Hey zusammen, ich plane gerade für August einen dreiwöchigen Trip nach Süditalien und bin mir unschlüssig zwischen Kalabrien und Sizilien. Für mich ist wichtig: gutes WLAN/Coworking-Möglichkeiten (bin digitaler Nomade), authentische lokale Märkte & Straßenküche statt touristischer Standard-Restaurants, und natürlich schöne Strände zum Entspannen zwischendurch.
Von Kalabrien höre ich, dass es deutlich weniger überlaufen sein soll – aber ist die Infrastruktur für Remote Work (Internet, Cafés mit guter Ausstattung) auch wirklich gegeben? Und wie sieht es mit dem kulturellen Angebot aus, wenn ich mal nicht am Strand bin?
Sizilien kenne ich vom Namen her besser, aber ich fürchte, dass es im August einfach zu voll wird und die Preise absurd sind. Hat jemand konkrete Erfahrungen mit beiden Regionen gemacht und kann mir einen realistischen Vergleich geben? Budget ist moderat, aber nicht ultrastreng.
Danke für eure Tipps!
Oh, gute Frage! Ich war letzten Sommer in Taormina auf Sizilien und die Märkte dort waren absolut faszinierend – Fischmarkt morgens, danach Street Food... aber ja, megateuer geworden. Kalabrien kenne ich nicht. Musstest du bei deinem Trip die Märkte meiden oder hast du Geheimtipps, um gute Preise zu finden?
Ich kenne vor allem die Nordküste Siziliens von meinen Rundreisen in Italien besser. Was mir immer aufgefallen ist: Kalabrien wird oft unterschätzt, weil es nicht so "glamourös" ist wie Sizilien. Aber genau das ist der Vorteil – wenn du abseits der Hotspots bleibst und mit dem Mietwagen die kleineren Küstenorte erkundest, findest du dort wirklich noch authentische Fischerdörfer.

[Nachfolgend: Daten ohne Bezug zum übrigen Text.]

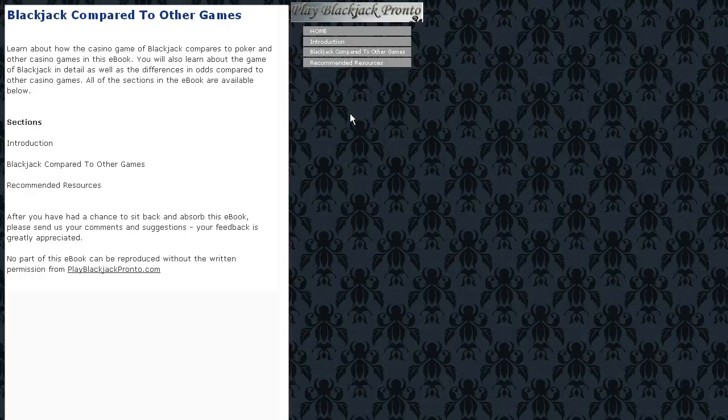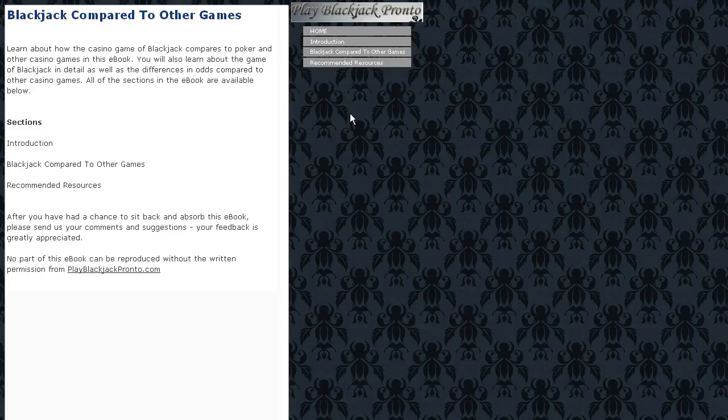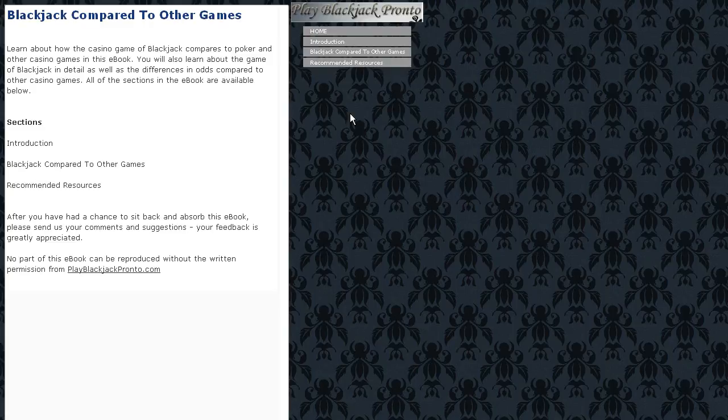We have four e-books being released today in total, so just check out the links in the description of this video to have a look at those e-books and the articles that they're based on. Good stuff there indeed.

Größte Einschränkung: öffentliche Verkehrsmittel sind in beiden Regionen arg chaotisch im Sommer. Ich würde für deine 3 Wochen eher einen Mietwagen nehmen und flexibel bleiben.
Reise-Rückkehr planen ist spannend. Sizilien bietet dir mit Tagesgruppen und Touren vom Hotel aus vielleicht mehr Structure. Kalabrien wirkt mir individualistischer. Für 3 Wochen allein oder mit jemand?

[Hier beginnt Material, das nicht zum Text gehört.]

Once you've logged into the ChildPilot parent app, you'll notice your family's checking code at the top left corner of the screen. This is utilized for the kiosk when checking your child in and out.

Das Kulturangebot in Sizilien (griechische Tempel in Agrigento, barocke Städte wie Modica/Ragusa, Museen in Palermo) übertrifft Kalabrien definitiv. Aber genau darin liegt auch die Touristenfalle – die bekannten Spots sind im August hoffnungslos überlaufen. Mein Geheimtipp: Klein-Sizilien wie Favignana (Inselchen vor der Westküste) – weniger bekannt, authentische Restaurants, gute Strände. Internet ist dort aber auch fragwürdig für Digital Nomads, ehrlich gesagt.